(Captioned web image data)
=-=-=-=-=
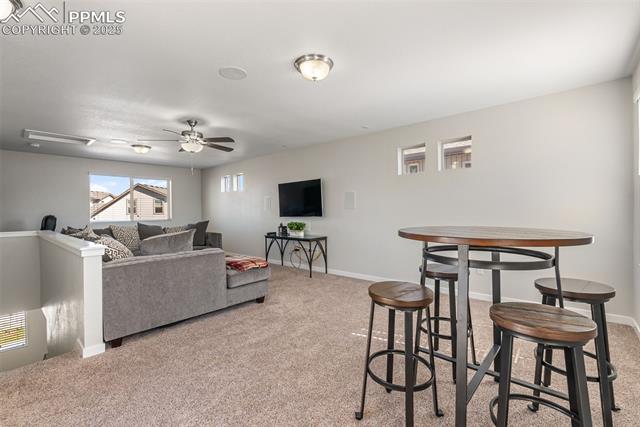6155 Mineral Belt Drive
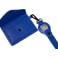 Recycled Wrist Lanyard with Card Holder 4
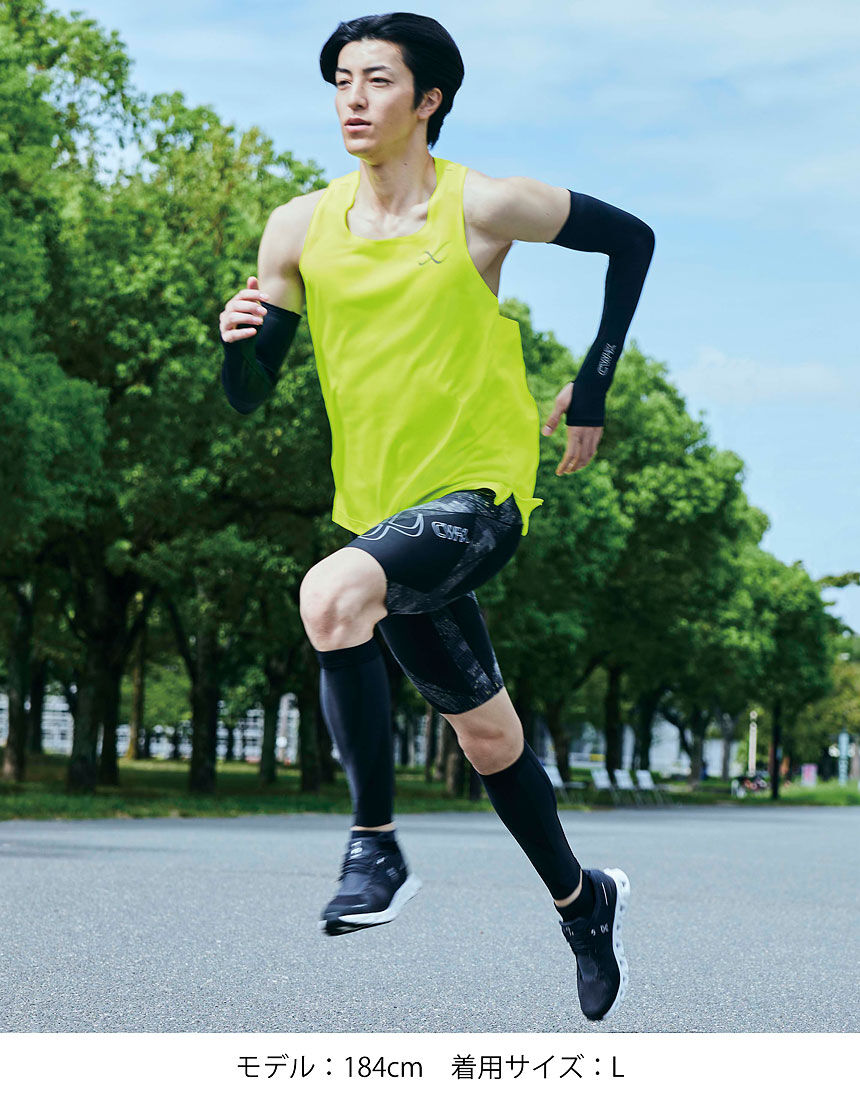 アウター　トップス, , hi-res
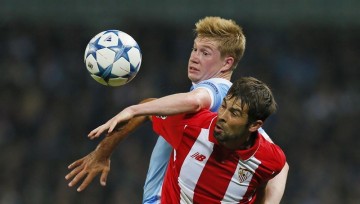 fotonoticia_20151021225354_800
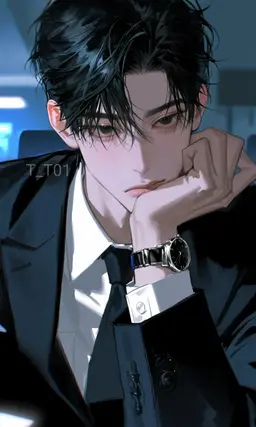 Profile image of 도진혁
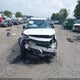 5TDLZRBH7MS127289 2021 Toyota Highlander Xse auction photo thumbnail 12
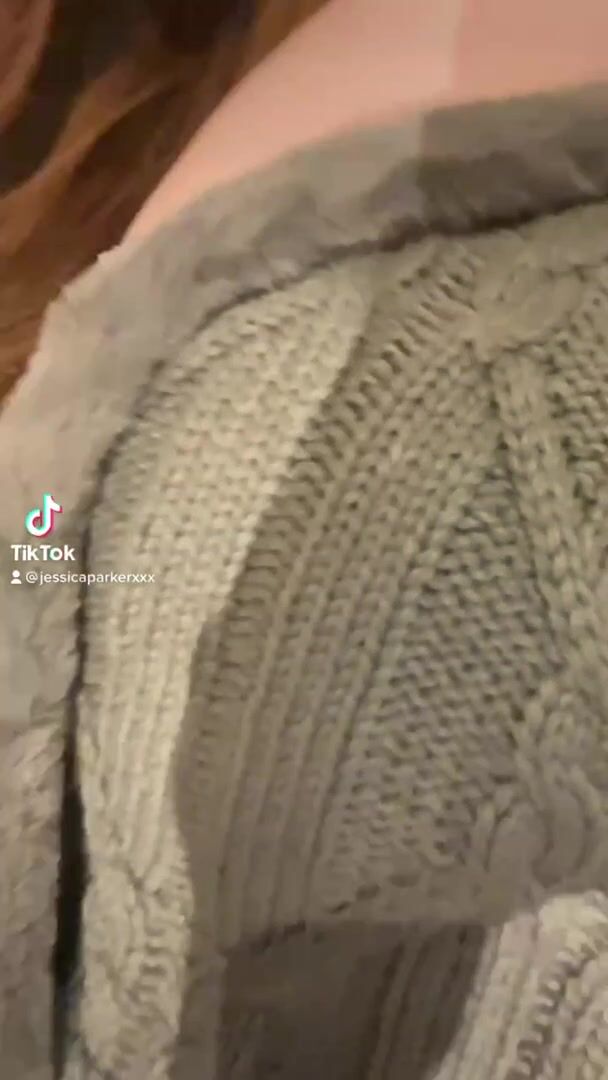 Why isn’t nsfw tiktok a thing yet?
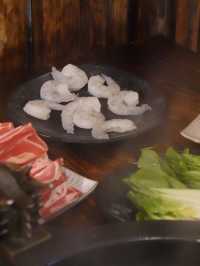London | Must try brilliant Hotpot in West London 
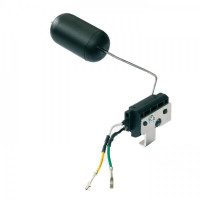 Tanksensorkit passend für KFX 700 Tanksensorkit passend für KFX 700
=-=-=-=-=
WHAT THE EXERCISE ASKS:
Would you copy, word for word, only the lines above from the one containing "Recycled Wrist Lanyard with Card Holder 4" through the one containing "London | Must", both included, and please leave out the pictures?

OUTPUT FOR THIS EXERCISE:
 Recycled Wrist Lanyard with Card Holder 4
 アウター　トップス, , hi-res
 fotonoticia_20151021225354_800
 Profile image of 도진혁
 5TDLZRBH7MS127289 2021 Toyota Highlander Xse auction photo thumbnail 12
 Why isn’t nsfw tiktok a thing yet?
London | Must try brilliant Hotpot in West London 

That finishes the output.